DATASET CONTENT START

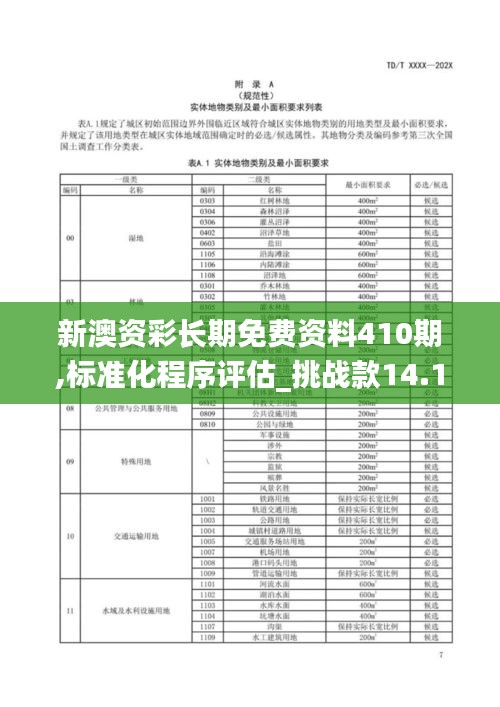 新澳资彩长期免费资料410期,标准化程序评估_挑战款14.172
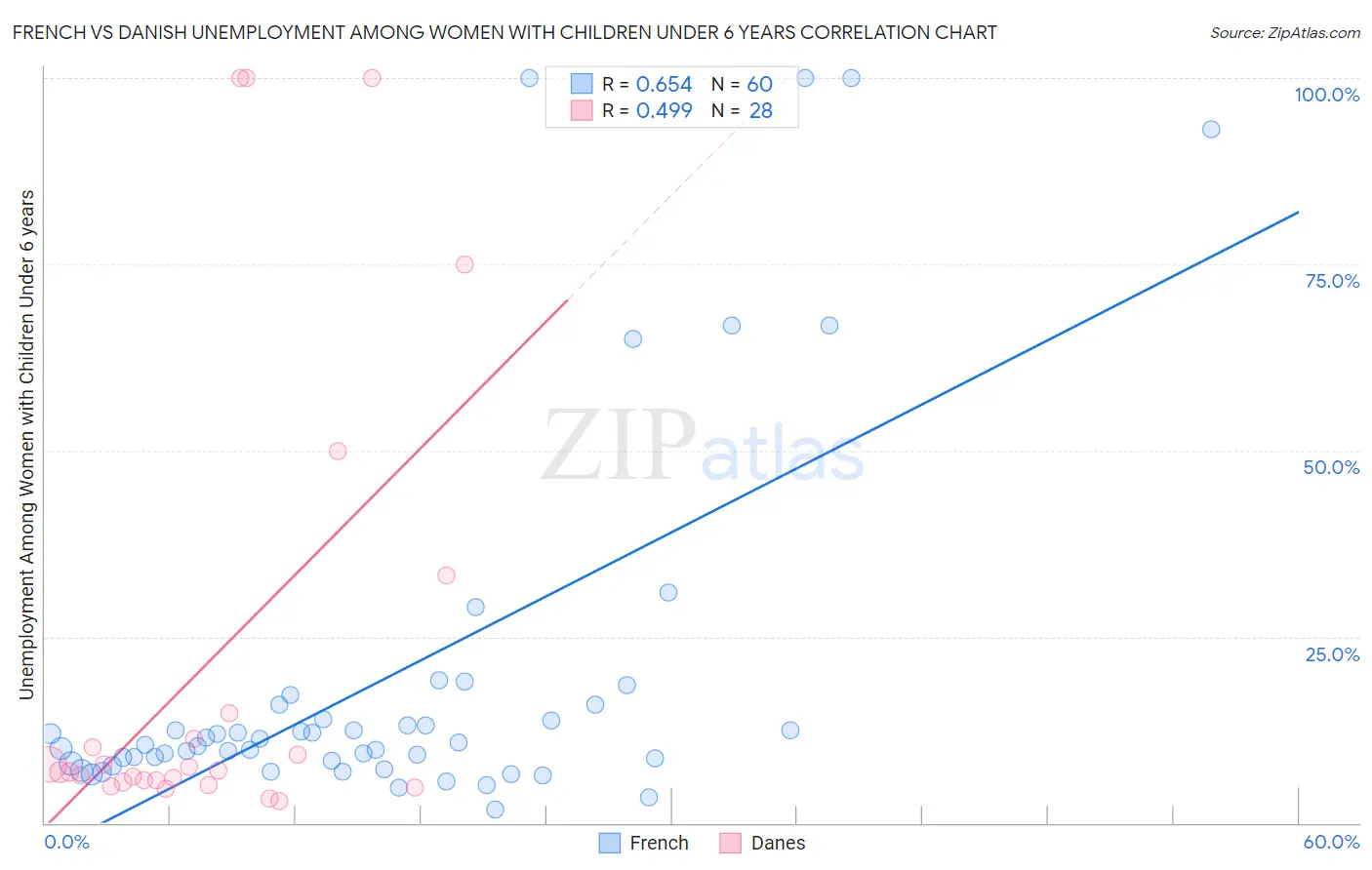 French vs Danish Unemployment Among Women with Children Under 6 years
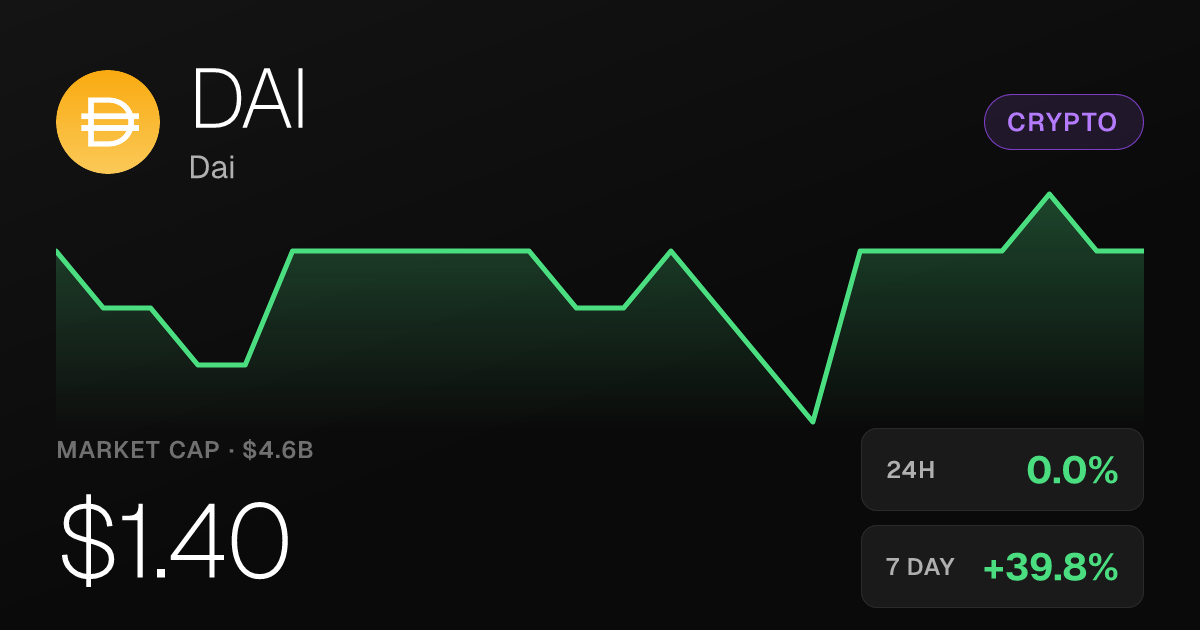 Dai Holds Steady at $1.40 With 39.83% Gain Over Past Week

DATASET CONTENT END

WHAT IS BEING ASKED:
Every line from the one that holds "French vs Danish" to the end of the listing should be output exactly, with pictures left out, please.

TASK SOLUTION:
 French vs Danish Unemployment Among Women with Children Under 6 years
 Dai Holds Steady at $1.40 With 39.83% Gain Over Past Week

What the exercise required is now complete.